**TASK BRIEF:**
Reproduce exactly the lines from the one that holds "this 580×388 image." through the last line of the entries, both ends included, but not the pictures.

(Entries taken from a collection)
● ● ● ● ● ● ●
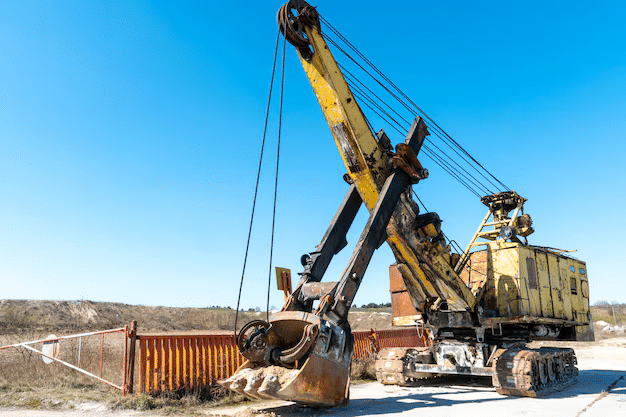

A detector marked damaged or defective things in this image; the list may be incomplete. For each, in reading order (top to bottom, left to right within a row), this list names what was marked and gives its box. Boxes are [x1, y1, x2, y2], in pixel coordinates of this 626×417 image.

rusty excavator bucket [218, 310, 352, 404]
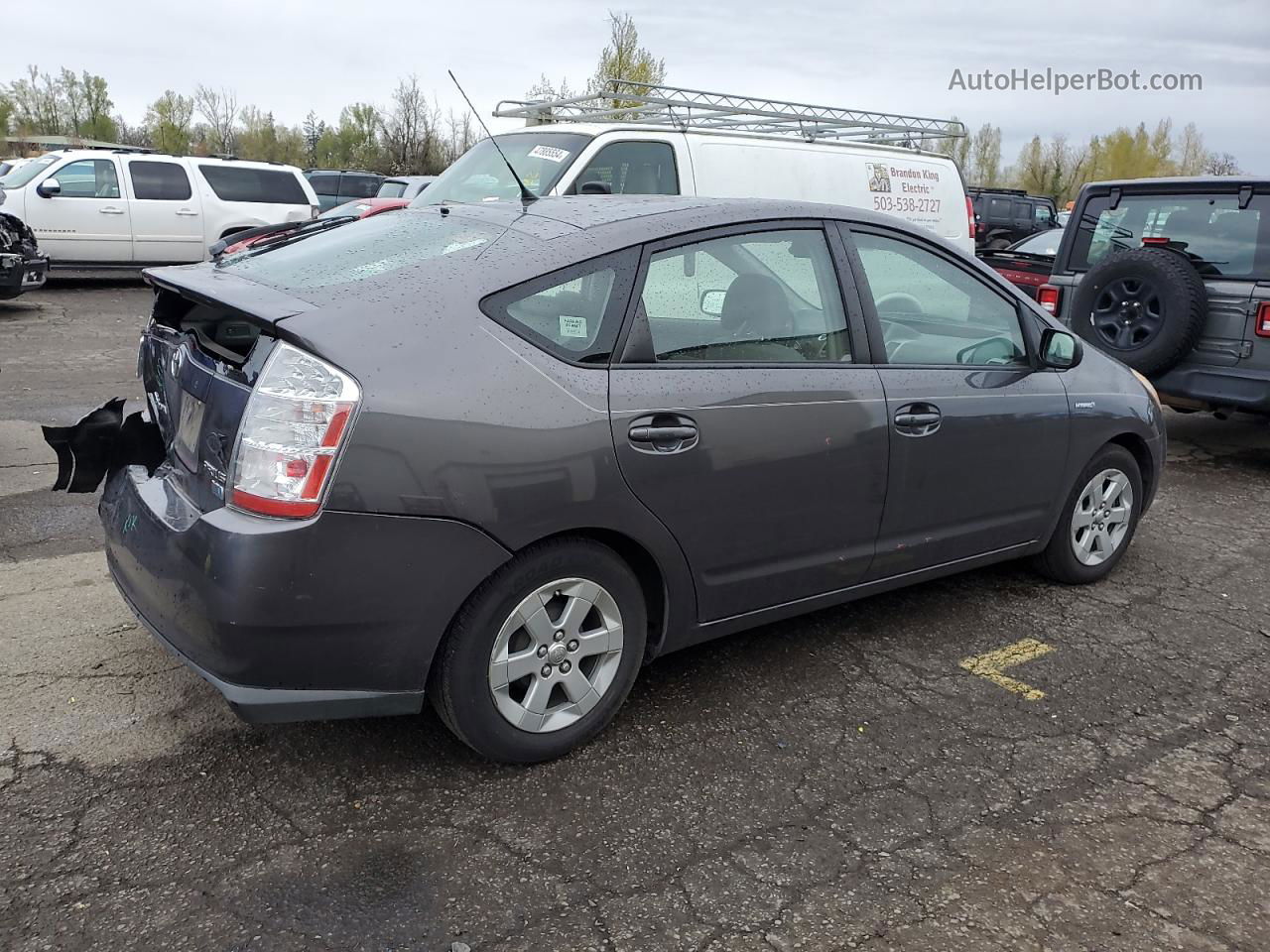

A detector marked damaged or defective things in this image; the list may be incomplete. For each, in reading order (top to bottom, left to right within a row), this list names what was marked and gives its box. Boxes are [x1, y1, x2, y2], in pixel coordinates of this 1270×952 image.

damaged rear bumper [0, 251, 48, 299]
damaged rear bumper [100, 466, 512, 722]
cracked asphalt [2, 282, 1270, 952]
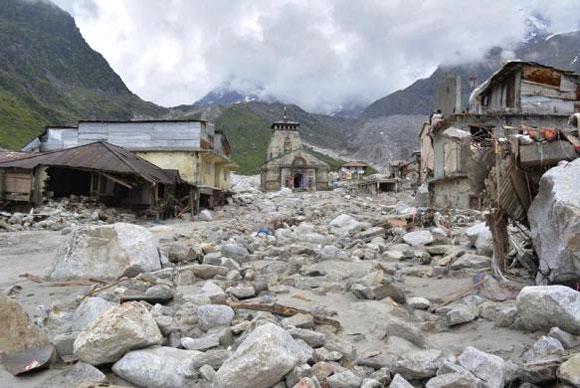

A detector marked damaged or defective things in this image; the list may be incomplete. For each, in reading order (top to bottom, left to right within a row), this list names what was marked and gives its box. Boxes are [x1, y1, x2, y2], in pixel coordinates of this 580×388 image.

damaged building [4, 119, 236, 214]
damaged building [260, 112, 328, 191]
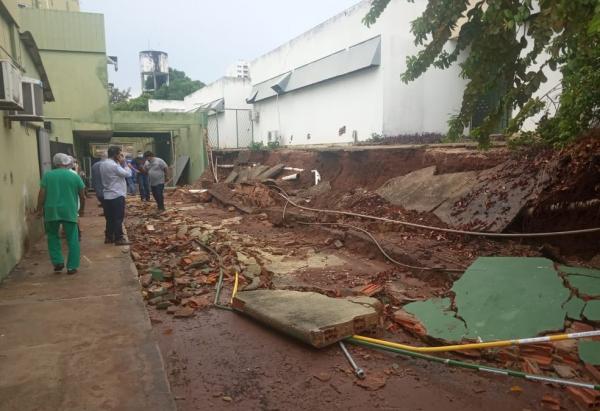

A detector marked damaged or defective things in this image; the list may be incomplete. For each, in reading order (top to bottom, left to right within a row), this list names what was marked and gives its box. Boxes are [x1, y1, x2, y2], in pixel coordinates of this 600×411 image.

broken concrete slab [376, 167, 478, 214]
broken concrete slab [232, 290, 382, 348]
broken concrete slab [404, 298, 468, 342]
broken concrete slab [452, 258, 568, 342]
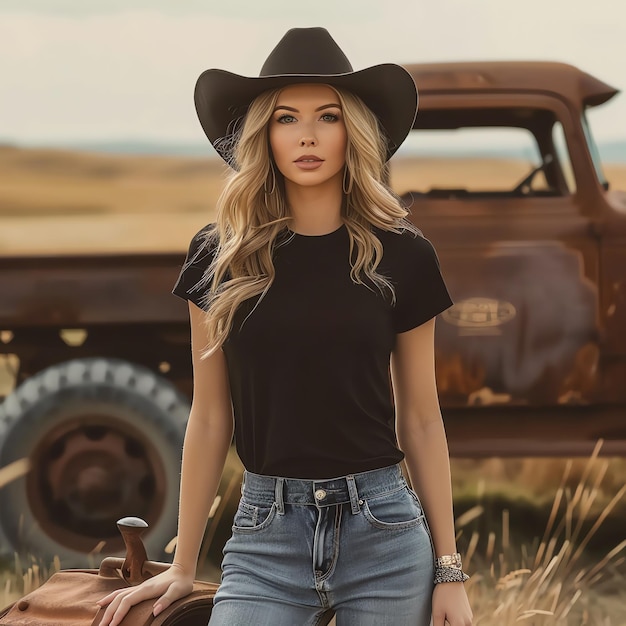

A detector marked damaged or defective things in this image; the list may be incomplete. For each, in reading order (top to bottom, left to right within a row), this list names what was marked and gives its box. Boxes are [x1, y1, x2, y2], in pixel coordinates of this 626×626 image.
● ● ● ● ● ● ●
**RESPONSE:**
A detector marked damaged or defective things in this image; the list may be incomplete. For each, in reading order (top to bottom, left to right within a row), this list names what was marked and gives its box. Boxes are [x1, y1, x2, y2], in pixel coordinates of this 580×388 image.

damaged building [4, 119, 236, 214]
damaged building [260, 112, 328, 191]

A detector marked damaged or defective things in this image; the list may be incomplete. For each, in reading order (top to bottom, left to right within a row), this list names what was marked and gives its box. Boxes are [x1, y1, x2, y2], in pixel coordinates of this 600×411 image.

broken concrete slab [376, 167, 478, 214]
broken concrete slab [232, 290, 382, 348]
broken concrete slab [404, 298, 468, 342]
broken concrete slab [452, 258, 568, 342]

A detector marked damaged or defective things in this image; the list may be incomplete. For each, in reading order (top to bottom, left to right within a row), this list names what was marked and gives its box. Boxes are [x1, y1, x2, y2], in pixel coordinates of this 626×626 image.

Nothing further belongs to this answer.